Prompt:
Given the records below, the lines starting at the line with "ENCHANTED INTO INVISIBLES" and ending at the line with "The Shepherd's Crook" should be output exactly, both end lines kept and pictures left out.

[Records excerpted from a collection]
════════════════════

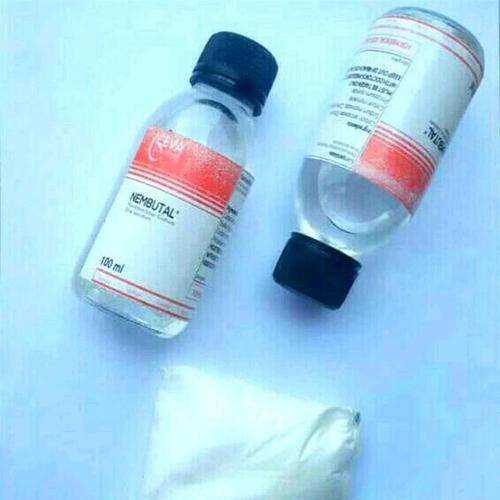 Nembutal Pentobarbital Sodium for sale,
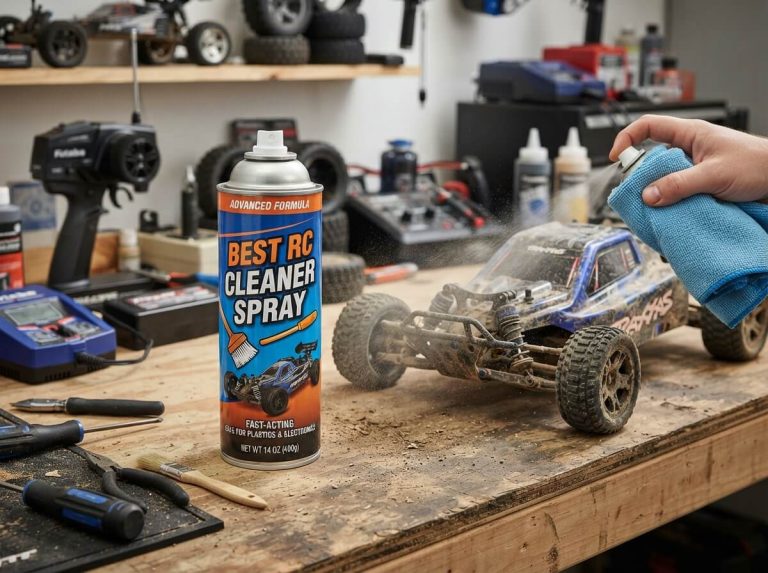 Best RC Cleaner Spray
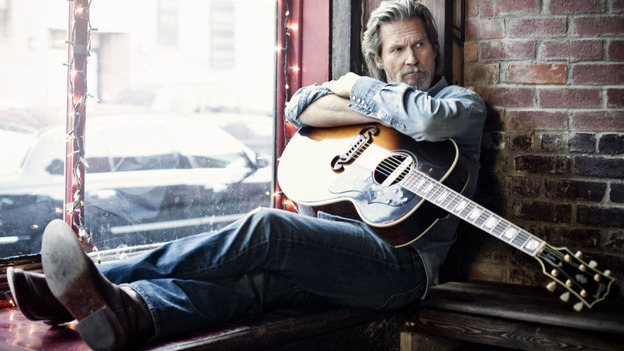Jeff Bridges' self-titled studio album comes out Aug. 16.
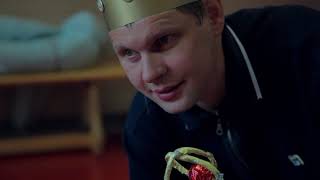 ENCHANTED INTO INVISIBLES  / ZAČARANI V NEVIDNE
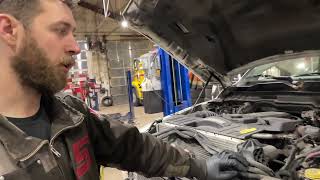 High Beam Not Working 2010 Dodge Ram 3500 TIPM Corrosion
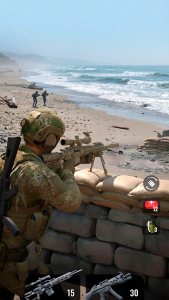 اسکرین شات 4 بازی Shoot Out: Gun Shooting Games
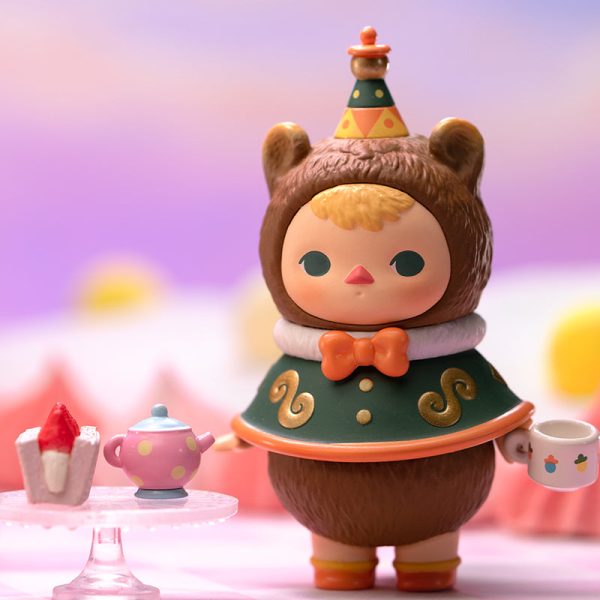 POP MART Pucky Animal Tea Party Series Blind Box - Image 11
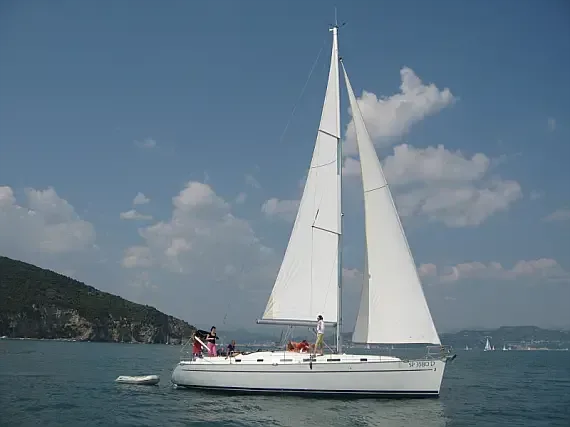 Cyclades 43.3 in Genova / Marina di Porto Antico - image 1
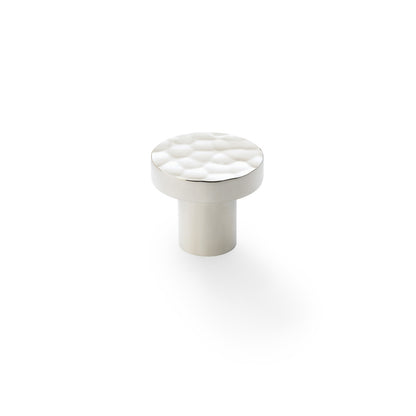 Hanover Hammered Cupboard Knob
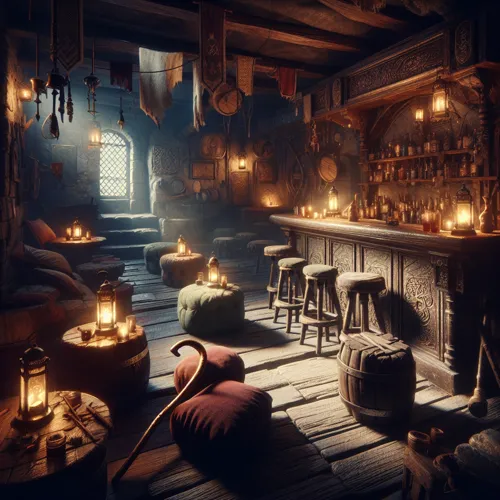 The Shepherd's Crook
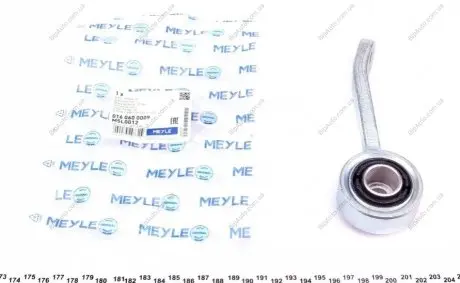 Тяга / стойка, стабилизатор MEYLE 0160600009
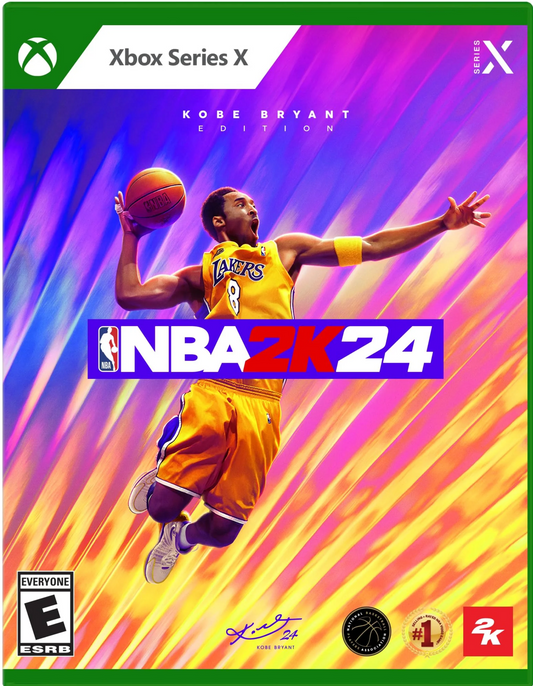 NBA 2K24 Kobe Bryant Edition - Xbox Series X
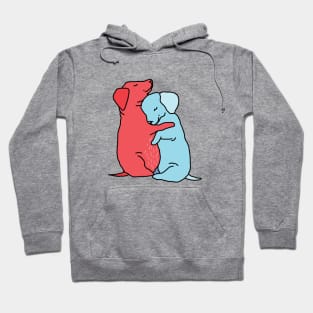 Weenie Dogs Hoodie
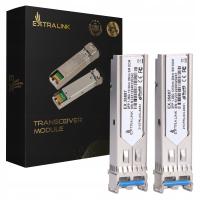 Moduł wkładka SFP 1.25G 1310NM LC 20KM SM DDM para (2szt.)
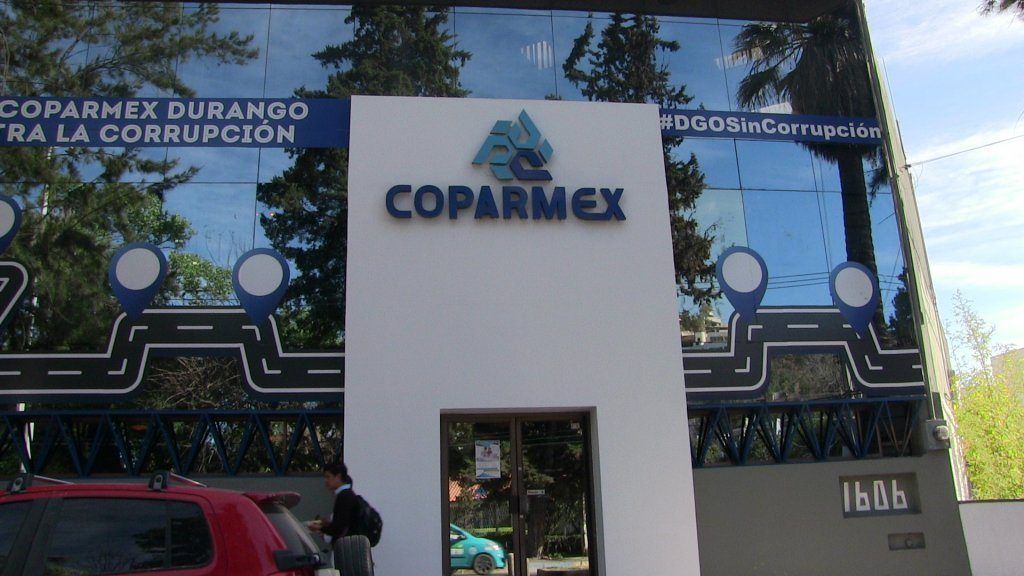Coparmex prevé insistir en propuesta de elevar salario mínimo - coparmex-durango-1024x576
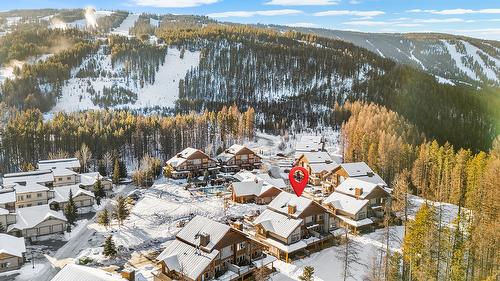 J2-D-1351 Gerry Sorensen Way, Kimberley, BC - Outdoor With View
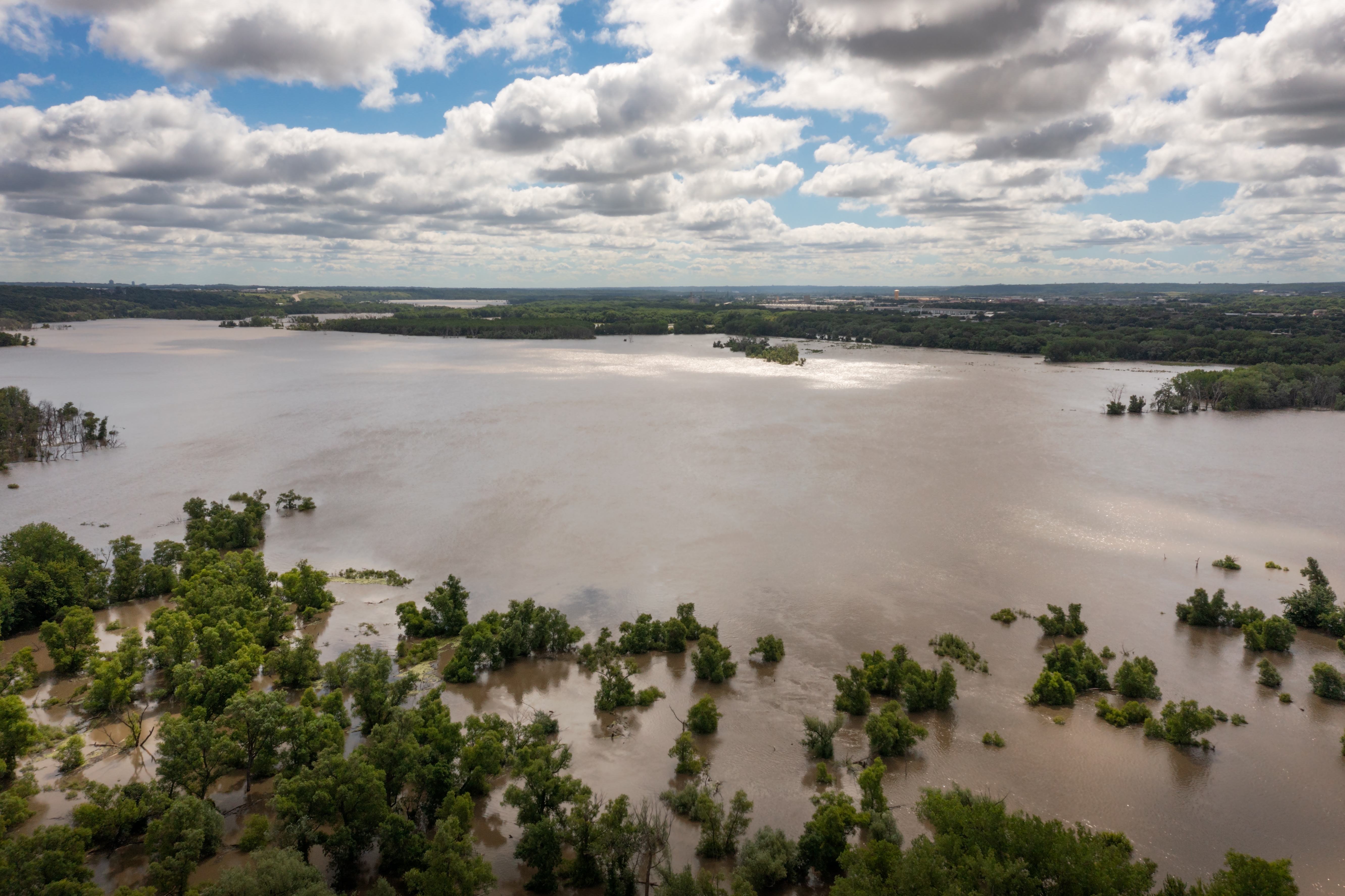 MedSpeeders Help with Flood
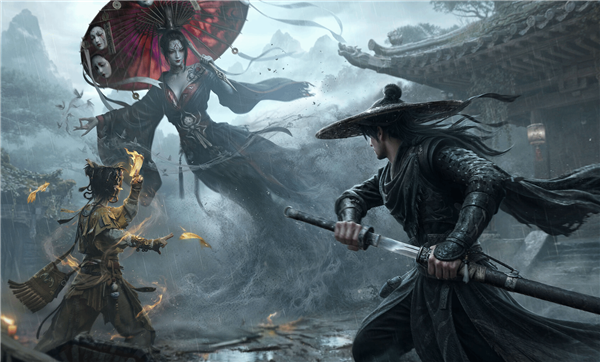 首款中式志怪搜打撤!网易新游《诡影藏锋》上线Steam:免费开玩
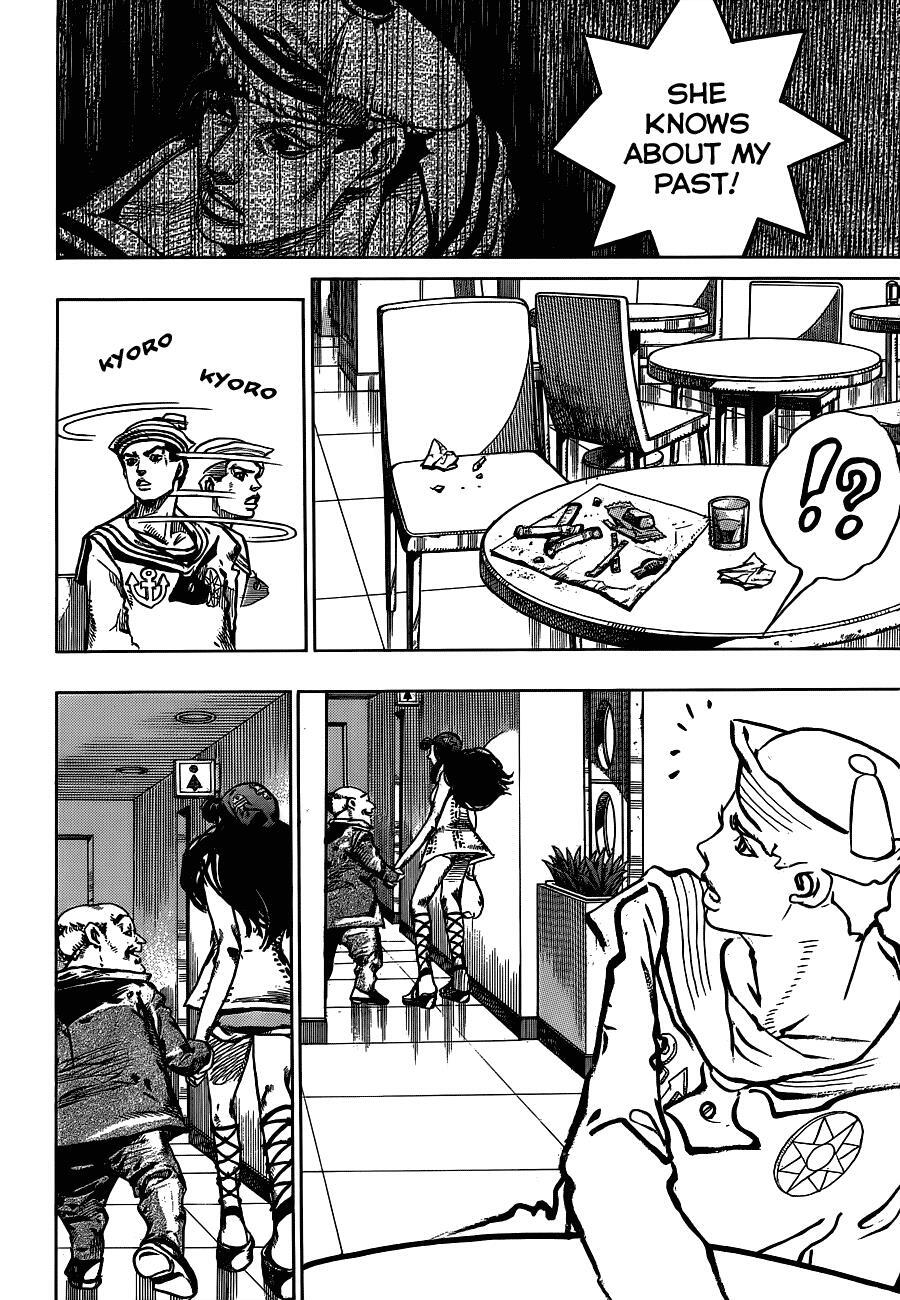 Read JoJo's Bizarre Adventure Part 8 - JoJolion Manga Online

════════════════════

Task solution:
 ENCHANTED INTO INVISIBLES  / ZAČARANI V NEVIDNE
 High Beam Not Working 2010 Dodge Ram 3500 TIPM Corrosion
 اسکرین شات 4 بازی Shoot Out: Gun Shooting Games
 POP MART Pucky Animal Tea Party Series Blind Box - Image 11
 Cyclades 43.3 in Genova / Marina di Porto Antico - image 1
 Hanover Hammered Cupboard Knob
 The Shepherd's Crook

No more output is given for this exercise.